VX: shixiaodayyds,备注【即插即用】,添加即插即用模块交流群。


模块出处

在这里插入图片描述

Paper:LWGANet: Addressing Spatial and Channel Redundancy in Remote Sensing
Visual Tasks with Light-Weight Grouped Attention

Code:https://github.com/AeroVILab-AHU/LWGANet

模块介绍

LWGANet网络结构:
在这里插入图片描述
LightWeight Grouped Attention (LWGA)模块:
在这里插入图片描述
LWGA创新点:四尺度注意力拆分机制。

  • Gate Point Attention (GPA):通道门控筛选关键通道,抑制冗余;
  • Regular Local Attention (RLA):3×3 卷积捕捉细粒度细节;
  • Sparse Medium-range Attention (SMA):定向卷积 + 变换操作,覆盖中距离关联;
  • Sparse Global Attention (SGA):阶段自适应设计,平衡全局捕捉与效率;

模块提出的动机(Motivation)

用于遥感 (RS) 视觉分析的轻量级神经网络必须克服两个固有的冗余:来自庞大、同质背景和通道冗余的空间冗余,其中极端尺度变化使得单个特征空间效率低下。现有的模型通常设计用于自然图像的模型无法解决 RS 场景中的这种双重挑战。为了弥合这一差距,我们提出了 LWGANet,这是一种专为 RS 特定属性设计的轻量级主干。

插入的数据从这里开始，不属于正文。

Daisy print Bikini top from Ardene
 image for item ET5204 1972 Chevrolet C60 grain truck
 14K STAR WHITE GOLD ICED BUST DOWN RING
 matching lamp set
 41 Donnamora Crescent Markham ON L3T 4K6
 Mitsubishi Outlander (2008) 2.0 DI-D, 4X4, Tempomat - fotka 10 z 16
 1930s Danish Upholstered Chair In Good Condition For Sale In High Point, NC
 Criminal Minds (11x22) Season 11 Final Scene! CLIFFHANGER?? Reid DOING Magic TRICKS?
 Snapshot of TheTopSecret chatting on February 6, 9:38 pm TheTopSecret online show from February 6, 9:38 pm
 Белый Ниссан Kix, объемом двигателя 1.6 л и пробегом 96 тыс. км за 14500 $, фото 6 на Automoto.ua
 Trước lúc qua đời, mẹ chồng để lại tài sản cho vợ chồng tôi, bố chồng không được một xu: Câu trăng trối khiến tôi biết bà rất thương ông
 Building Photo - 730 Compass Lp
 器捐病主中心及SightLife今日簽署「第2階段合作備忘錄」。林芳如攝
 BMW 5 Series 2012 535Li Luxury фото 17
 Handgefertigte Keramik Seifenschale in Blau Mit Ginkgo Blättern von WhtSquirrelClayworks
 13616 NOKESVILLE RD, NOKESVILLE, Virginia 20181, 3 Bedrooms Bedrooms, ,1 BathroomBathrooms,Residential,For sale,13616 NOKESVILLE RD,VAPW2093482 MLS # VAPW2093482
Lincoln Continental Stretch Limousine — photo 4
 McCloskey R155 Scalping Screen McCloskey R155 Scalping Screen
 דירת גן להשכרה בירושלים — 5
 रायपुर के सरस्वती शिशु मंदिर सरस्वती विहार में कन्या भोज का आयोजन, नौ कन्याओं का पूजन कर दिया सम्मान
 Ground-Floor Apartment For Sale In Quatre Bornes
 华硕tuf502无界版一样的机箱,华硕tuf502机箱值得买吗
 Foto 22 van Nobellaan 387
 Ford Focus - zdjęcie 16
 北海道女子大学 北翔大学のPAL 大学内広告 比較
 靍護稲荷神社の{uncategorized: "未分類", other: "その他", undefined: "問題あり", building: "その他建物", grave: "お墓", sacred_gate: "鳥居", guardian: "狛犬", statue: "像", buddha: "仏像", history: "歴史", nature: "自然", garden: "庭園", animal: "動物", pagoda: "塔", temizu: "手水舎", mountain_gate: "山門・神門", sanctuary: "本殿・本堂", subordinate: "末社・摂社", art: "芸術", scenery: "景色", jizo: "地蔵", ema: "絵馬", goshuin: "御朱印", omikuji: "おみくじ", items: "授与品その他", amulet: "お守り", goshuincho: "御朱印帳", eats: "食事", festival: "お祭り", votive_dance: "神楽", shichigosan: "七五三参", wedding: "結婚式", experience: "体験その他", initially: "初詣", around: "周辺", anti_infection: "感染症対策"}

LWGANet 引入了两个核心创新:Top-K 全局特征交互 (TGFI) 模块,该模块通过将计算集中在显着区域来减轻空间冗余,以及一个轻量级分组注意力 (LWGA) 模块,该模块通过将通道划分为专门的、特定于尺度的路径来解决通道冗余

LWGANet 通过联合建模局部细节和远程依赖实现了更好的效果:在这里插入图片描述

适用范围与模块效果

适用范围:适用于通用视觉领域,特别是复杂视觉任务(多尺度、细粒度)与轻量级任务。

缝合位置:检测模型的Backbone/Neck,分割模型的 Encoder/Decoder,其他模型的基本块(残差块/注意力块)。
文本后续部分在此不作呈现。